Der Berg ruft: Revolution!

von Friederike Felbeck

Mülheim an der Ruhr, 29. April 2014. Was in ein Reclam Heft passt, geht auch in einen Schuhkarton. Der ist von innen rot angestrichen. Geweihe hängen an der Wand, Tische, Stühle und eine Kegelbahn. Über dem Tresen ein Flat Screen, der ein Alpenpanorama zeigt. Eine Art Peter Sellers mit starkem Schweizerischen Akzent, wie seine Mitspieler in Trachtenlook, führt in diesen "Wilhelm Tell" hinein: "Wir haben uns hier versammelt, um die schrecklichen Ereignisse, die zur Gründung der Schweiz führten, darzustellen."

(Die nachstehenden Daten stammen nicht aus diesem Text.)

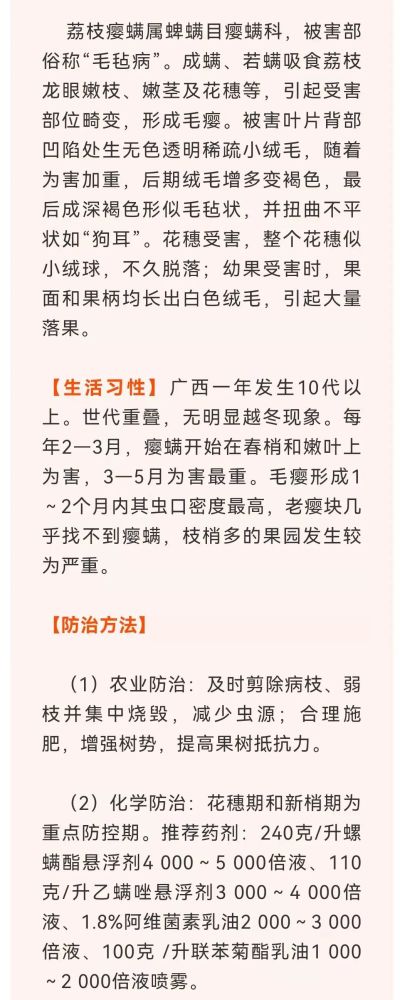 这样防治荔枝瘿螨轻松搞定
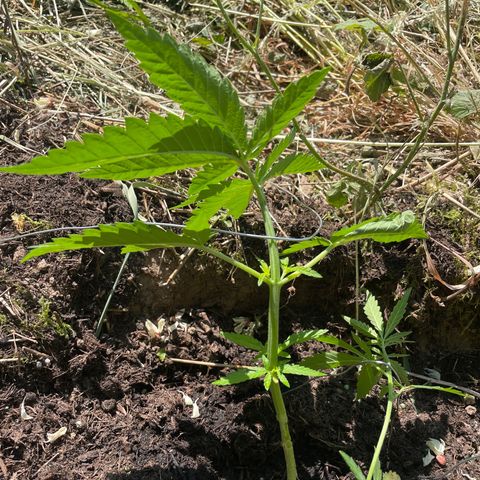3??? growlog timeline photo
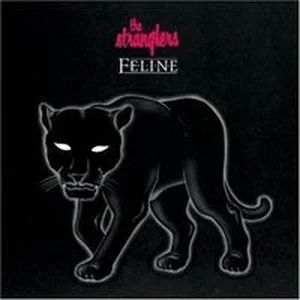 Bild von Feline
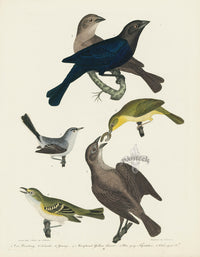 Alexander Wilson 1829 Maryland Yellow-throat, Cow Bunting - Panteek Antique Prints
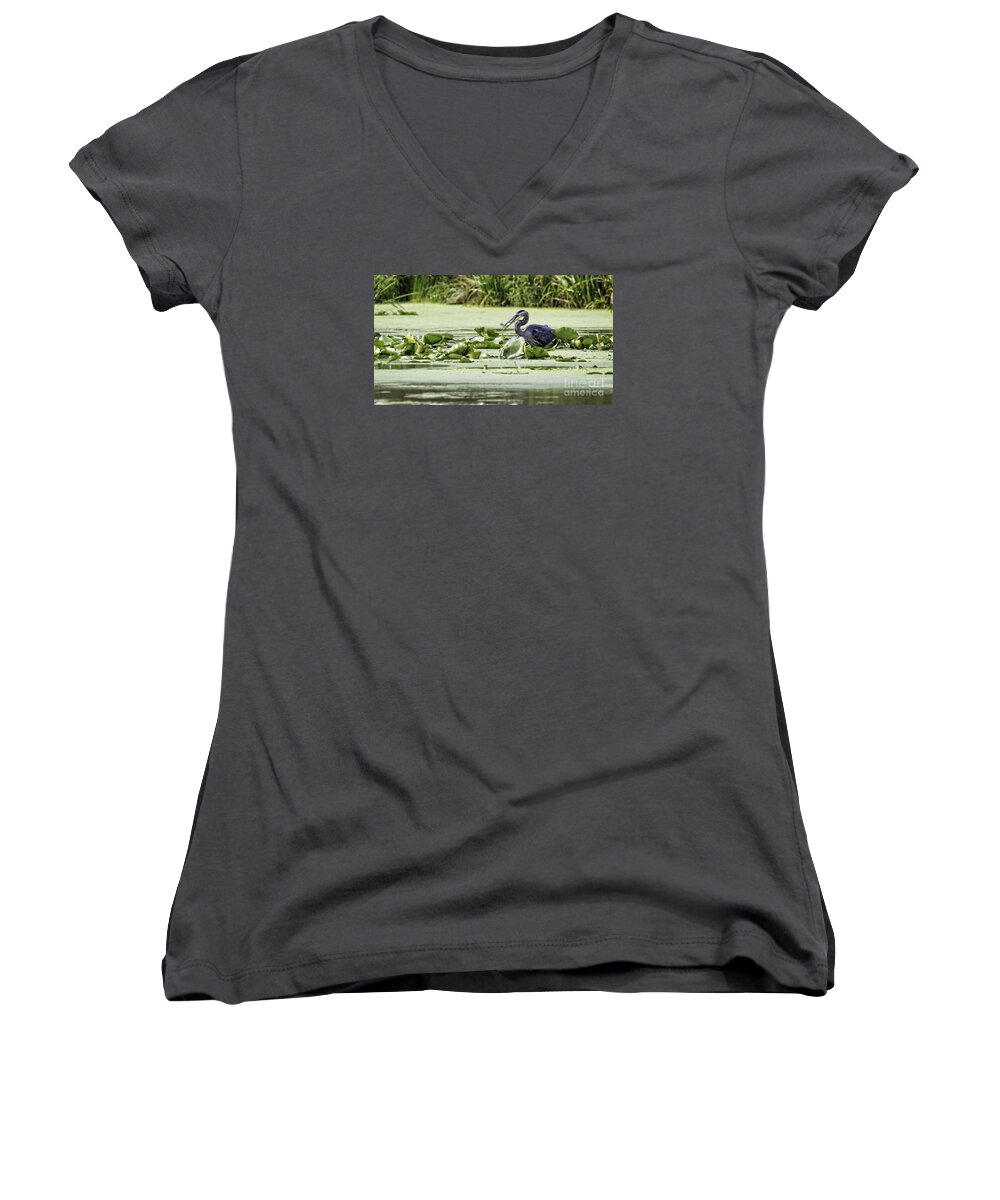 Great Blue Heron Women's V-Neck featuring the photograph Fishing by Jan Killian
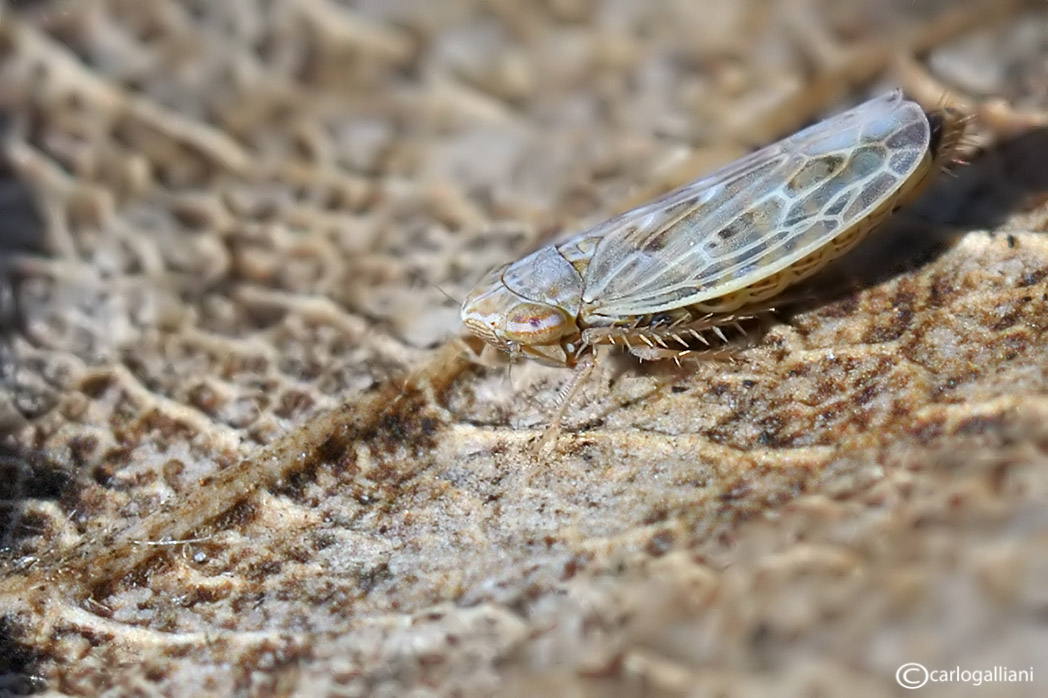 Cicadellidae del 31-12: Psammotettix sp.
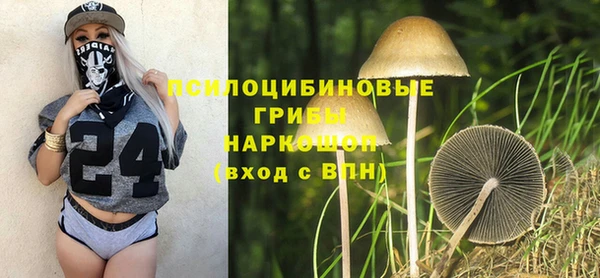 mix Армянск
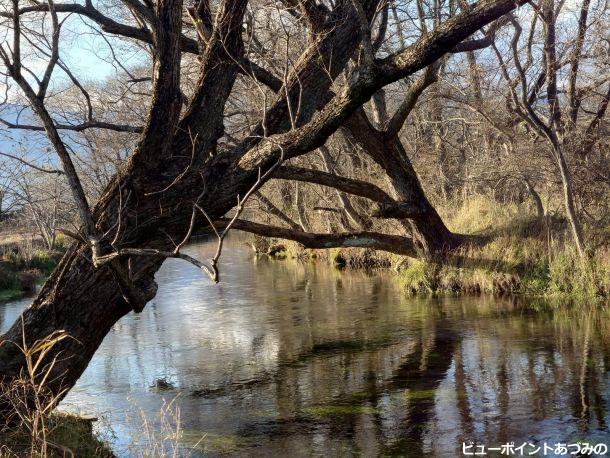 蓼川の湧水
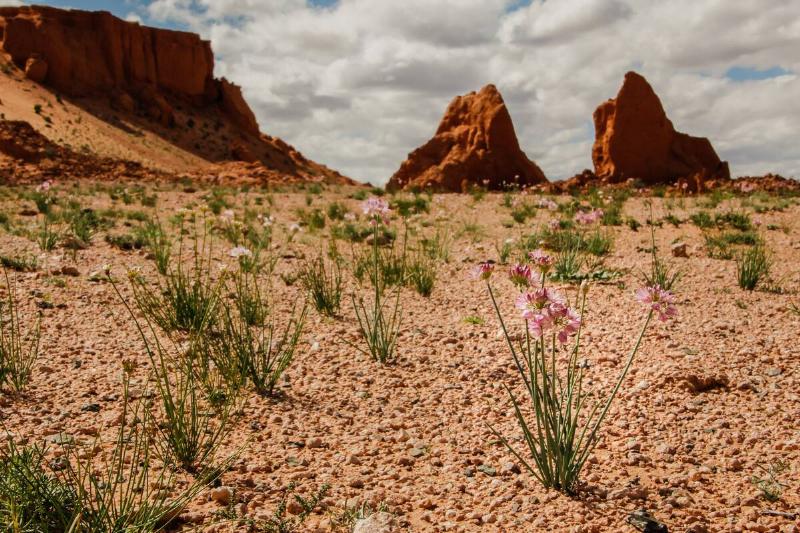 Flowers in the Gobi desert. 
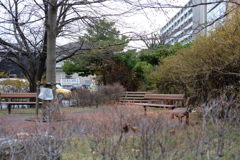 近い公園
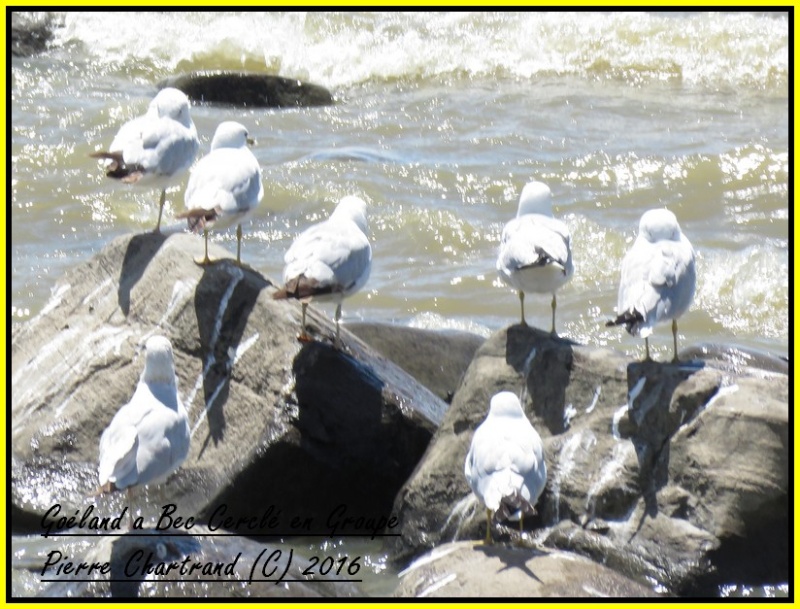 Photos D'oiseaux lors d'une ride Goylan13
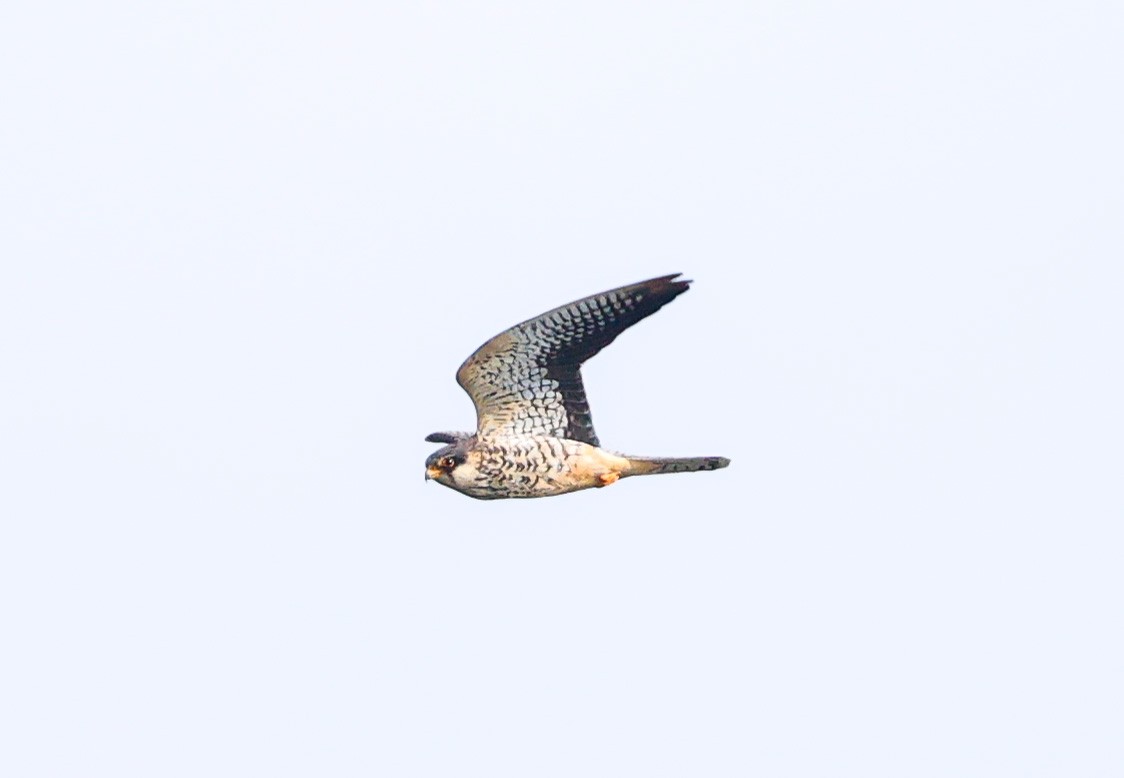 Amur Falcon - ML644455518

wilhelmtell 560a andreaskoehring uIn roter Schuhschachtel, vor Hirschgeweih: Matthias Horn, Marco Leibnitz, Thomas Schweiberer, Boris Schwiebert. © Andreas Köhring

Alle Klischees wie Langsamkeit, Handlungsarmut und – neu hinzu gewonnen – Ausländerfeindlichkeit werden in improvisierten Texten durchdekliniert und das auf wenige Figuren reduzierte Personal des Schiller-Stückes vorgestellt. Der "böse Reichsvogt" Hermann Gessler, scharfzüngig und im nöligen österreichischen Dialekt gespielt von Wolf Gerlach, treibt im Gasthaus "Zum Rösti" mit schwarzem Umhang und Fasanenfeder im Hut sein Unwesen. Hier werden die Kegelbrüder aus Uri, Unterwalden und Schwyz wegen Wilderei, illegaler Einreise und Schwarzbrennerei belangt und gedemütigt. Dazwischen gibt's auf dem Fernseher skurrile Werbespots über die Schweiz zu sehen. "Bergvagabunden sind wir" singt das Quartett aus dem Ehepaar Stauffacher (den Wirtsleuten), Arnold von Melchtal und Walther Fürst. Wie ein Faktotum geistert der kernige Tell in Lederhosen mit Kleinfamilie durch die Szenerie, Mutter Tell führt eine lebensgroße Puppe als den gemeinsamen Sohn. Unter demselben Dach ist ein dubioser Ausländer abgestiegen, ein Deutscher namens Schubart, der von Marco Leibnitz mit fistelnder Stimme und fast durchsichtiger Schmalheit als Schiller-Paraphrase gegeben wird, die Szene beobachtet und sich Notizen macht.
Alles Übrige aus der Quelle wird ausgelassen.